TCID₅₀ analysis.Virus titers were determined by a 50% tissue culture infectious dose (TCID₅₀) assay in Vero E6 cells as described previously (30).

Immunofluorescence confocal laser scanning microscopy.Immunofluorescence analysis was performed as described previously (55, 56). Microscopic images were acquired with a Leica SP5 confocal laser scanning microscope using a 63× oil objective (Leica Microsystems). Cells were grown on glass coverslips and fixed with 4% paraformaldehyde at 24 h p.t. or p.i. Optionally, nucleus staining was achieved by using DAPI (4′,6-diamidino-2-phenylindole). For quantification of the colocalization between VP30 and SRPK1, Pearson’s correlation coefficient was calculated by using the Coloc2 plug-in (https://imagej.net/Coloc_2) for Fiji (v.1.52e) (50).

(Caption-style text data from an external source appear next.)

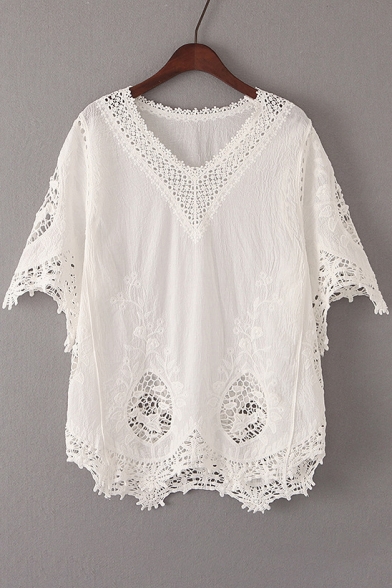 New Arrival Chic Crochet Hollow Out V Neck Half Sleeve Plain Pullover Blouse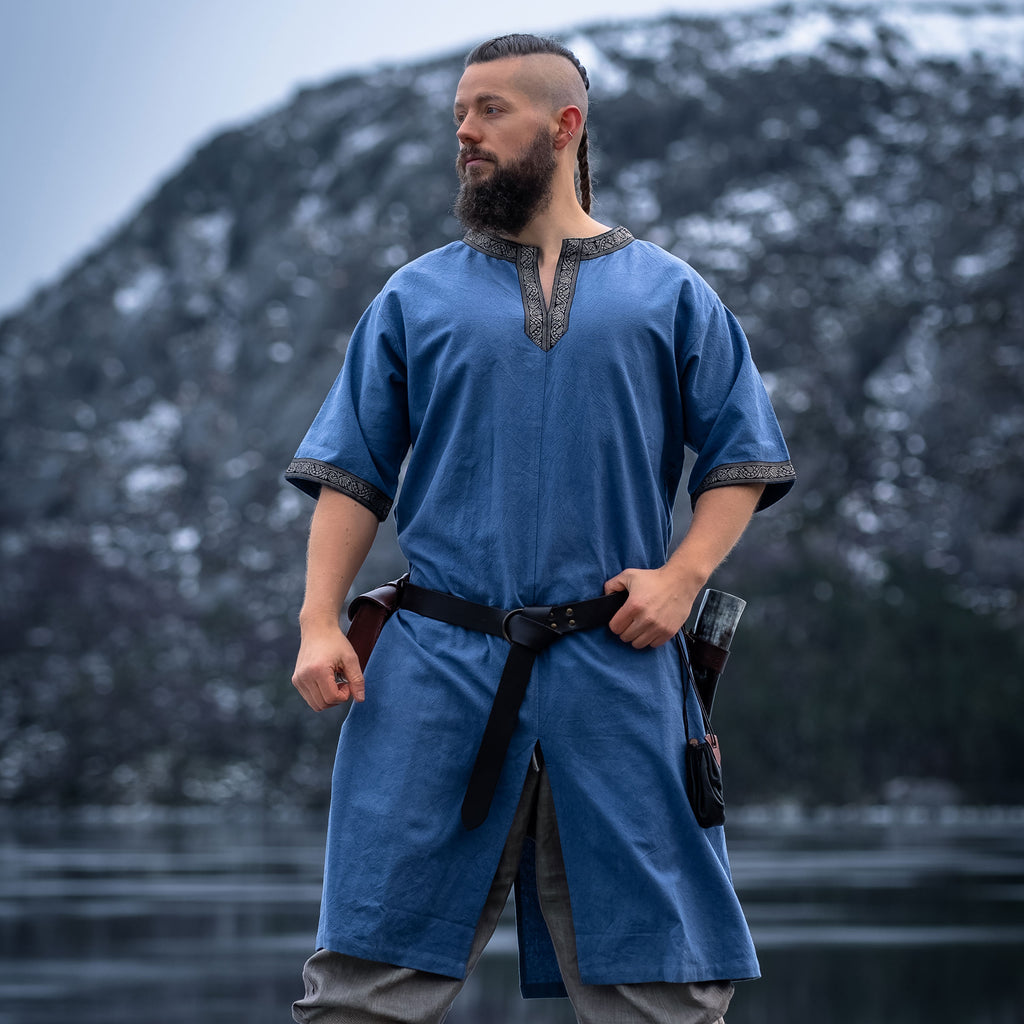 Product image Medieval Tunic Short Sleeve with Border Blue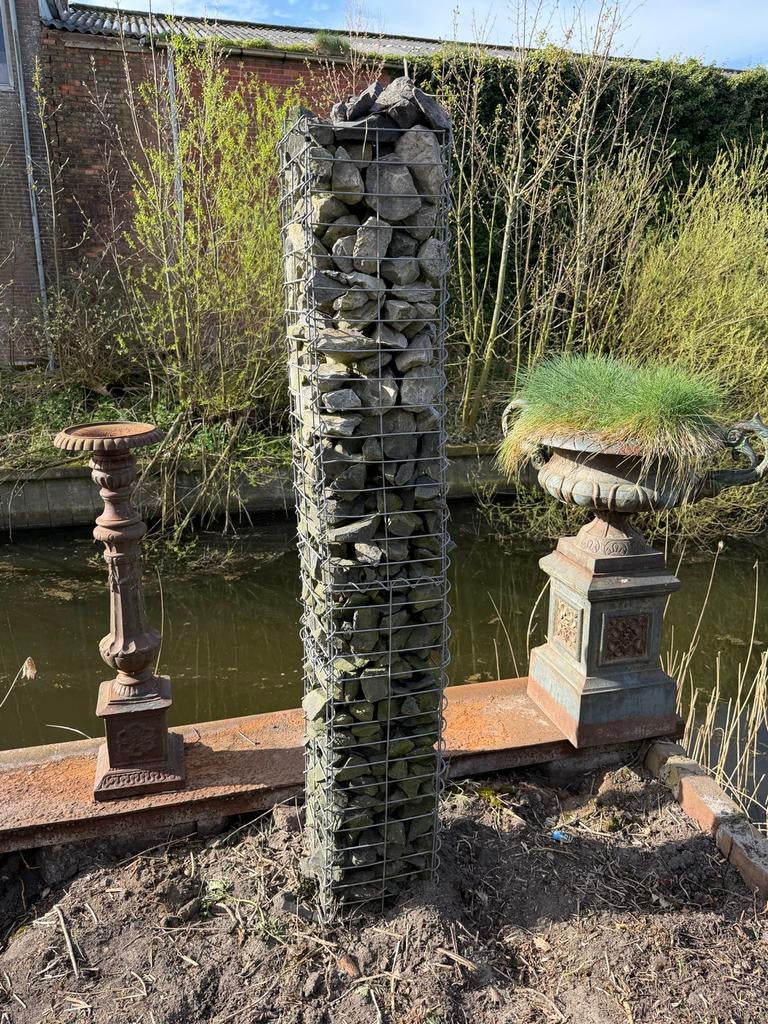 3 Gabionen pilaren met stenen, circa 180 cm hoog, Ophalen, Gebruikt, Steen, Overige typen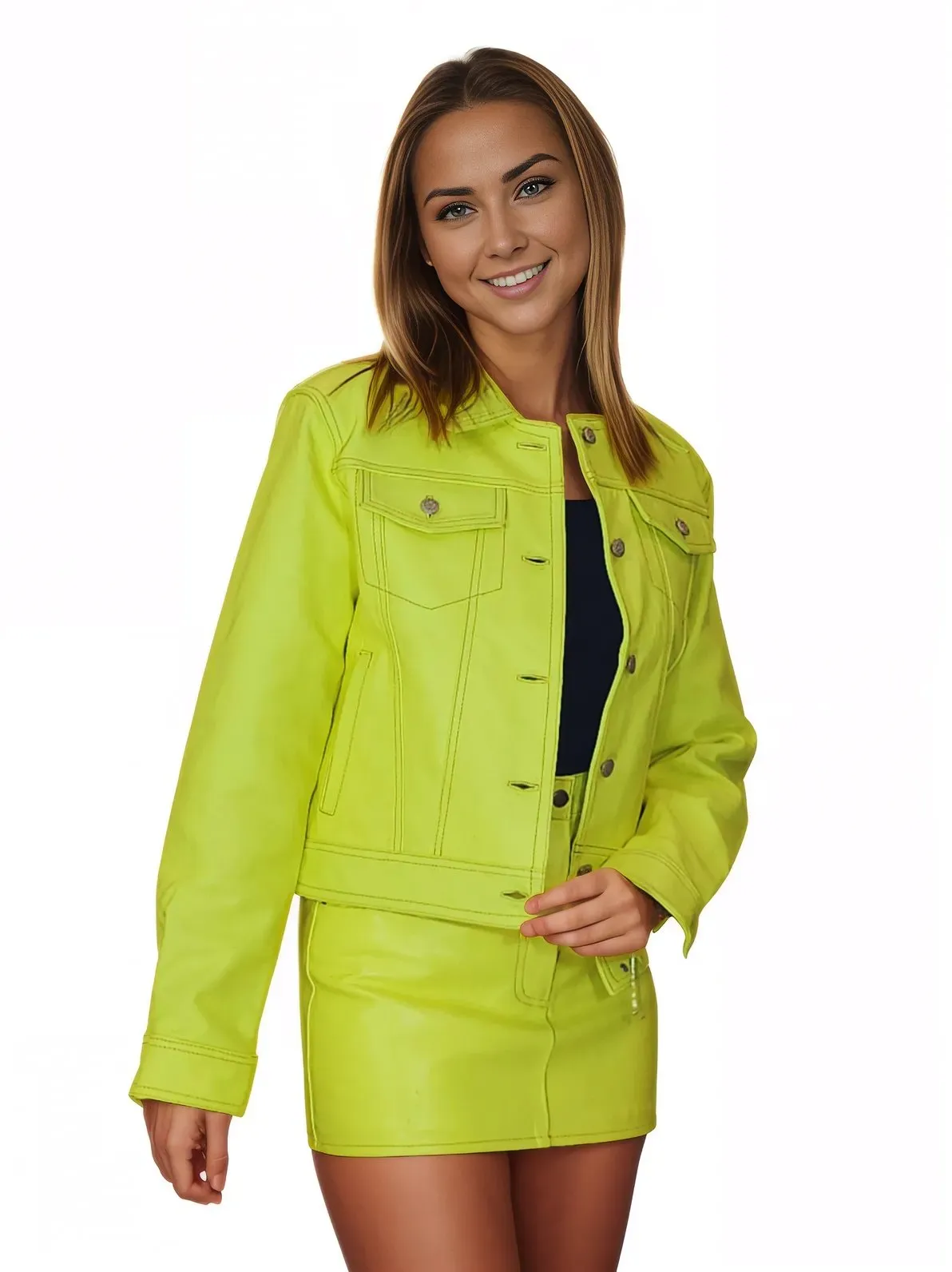 Handcrafted Women's Sheepskin Leather Trucker Jacket – Premium Style Lime Green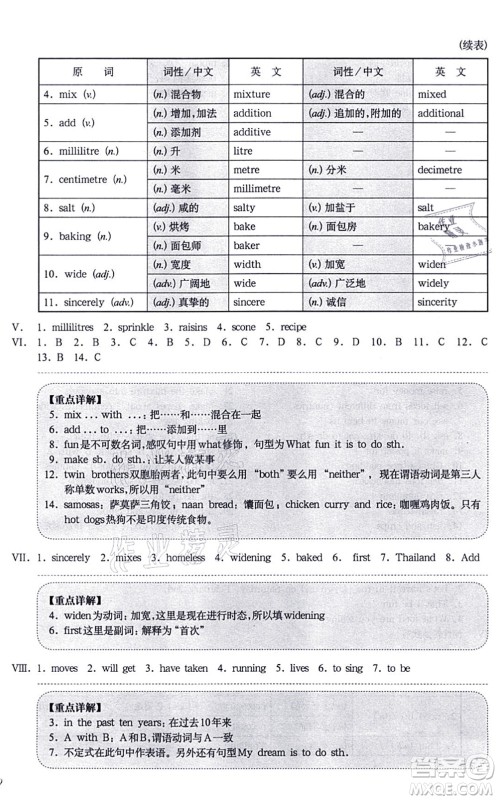 华东师范大学出版社2021一课一练七年级英语N版第一学期华东师大版增强版答案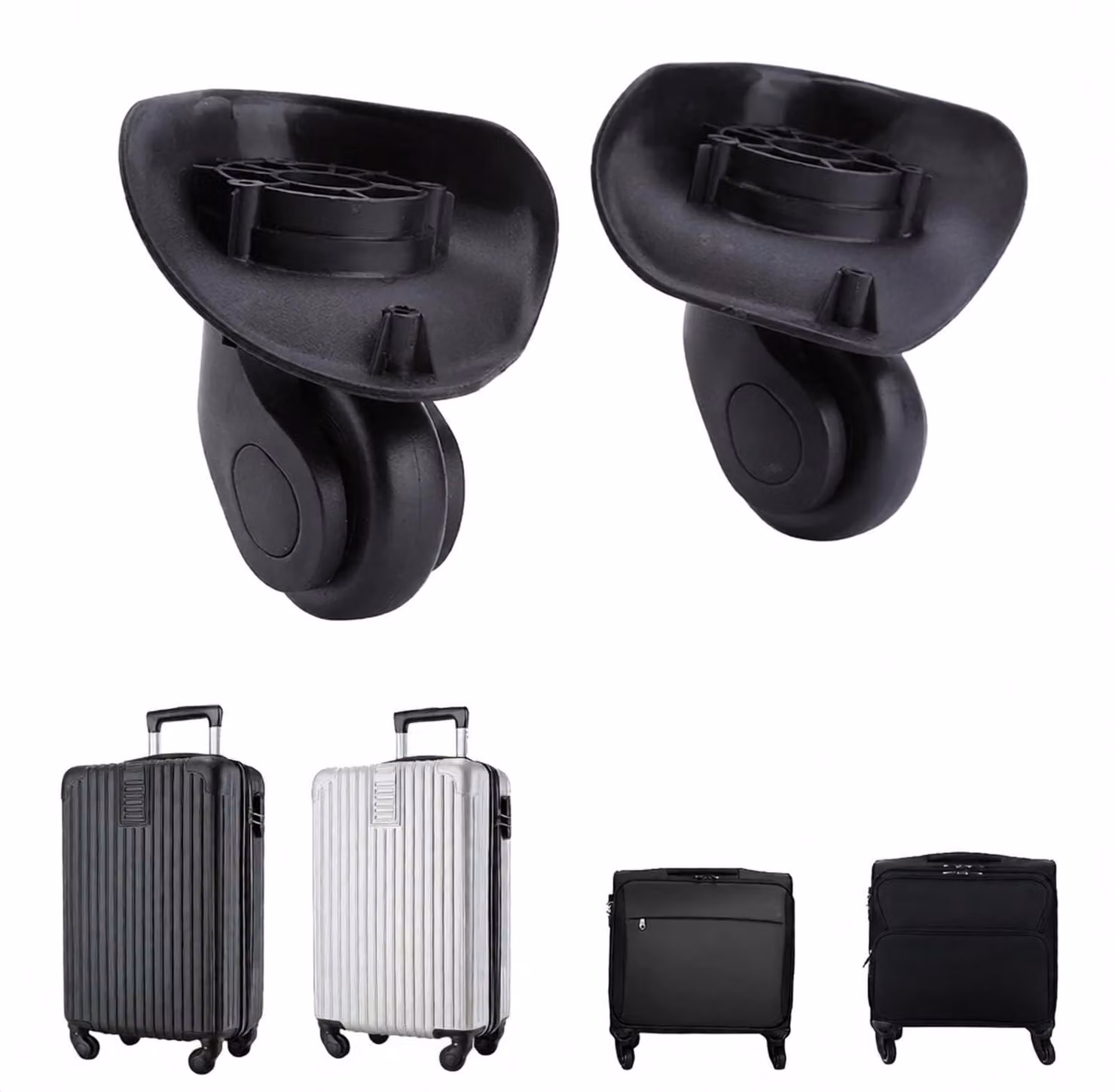 4 ruote per valigie, ruote di ricambio per custodie morbide, ruote in PVC silenziose con rotazione a 360 gradi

Electron microscopy analysis.We performed electron microscopy analyses of virus particles purified from the supernatants of HEK293 cells infected with either recVP30^wt, recVP30^29S, or recVP30^26A29S. Virions were adsorbed on finder grids and subsequently negatively stained with 2% phosphotungstic acid. Next, these grids were analyzed by using a JEM1400 transmission electron microscope.

Statistical analysis.The presented mean values and standard deviations (SD) are derived from at least three independent experiments. Statistical analysis was performed by using SPSS16.0 or GraphPad Prism (version 7.03). Normally distributed samples were analyzed by a t test or one-way analysis of variance (ANOVA), and the other samples were analyzed by a nonparametric test. Statistically significant differences are indicated with asterisks in the figures (*, P < 0.05; **, P < 0.01; ***, P < 0.001; ****, P < 0.0001).